A Nvidia subiu 2,30% e fechou a US$ 212,06. A expansão global da plataforma Vera Rubin, a contínua expansão da demanda por capacidade computacional de IA e a visão de que, após a correção recente, algumas instituições consideram o valuation atrativo, sustentaram em conjunto o desempenho na contramão da Nvidia.

Pergunta: Por que a ação da Alphabet caiu no after market mesmo superando expectativas no balanço?

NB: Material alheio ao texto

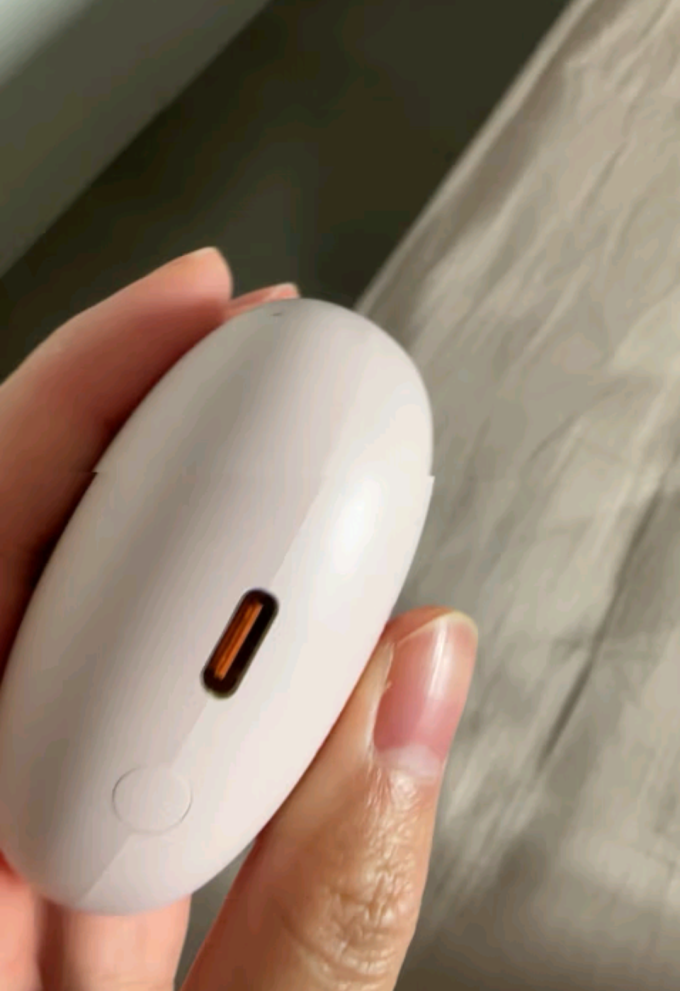 倍思蓝牙耳机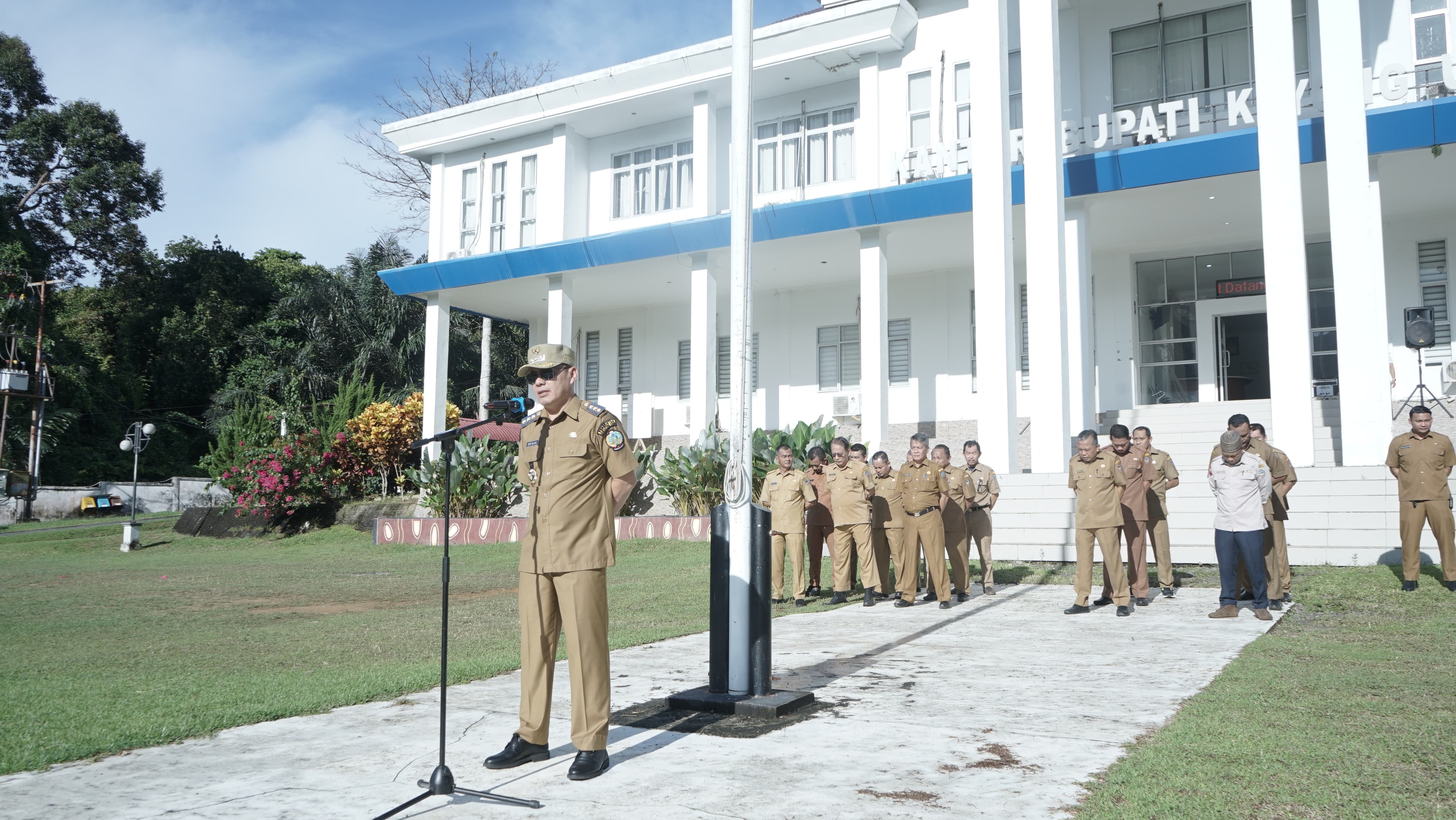 Pj Bupati Romi Wijaya Minta Gaji PTT dan Hak Pegawai Segera Dibayarkan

A receita do 2º trimestre e o lucro por ação da Alphabet superaram as expectativas, mas a empresa elevou a orientação de capex de 2026 para US$ 195 bilhões a US$ 205 bilhões. O investimento em IA tornou o fluxo de caixa livre do trimestre pela primeira vez negativo, e o mercado teme deterioração da qualidade dos lucros no curto prazo.

Pergunta: Em que nível está atualmente a correlação entre o Nasdaq e o Bitcoin?

De 2025 a 2026, em algumas janelas de negociação, a correlação entre o Bitcoin e o Nasdaq chegou a 0,88. Mas desde 1º de julho, o Bitcoin subiu cerca de 9% enquanto o Nasdaq caiu cerca de 6%, gerando uma divergência temporária entre os dois.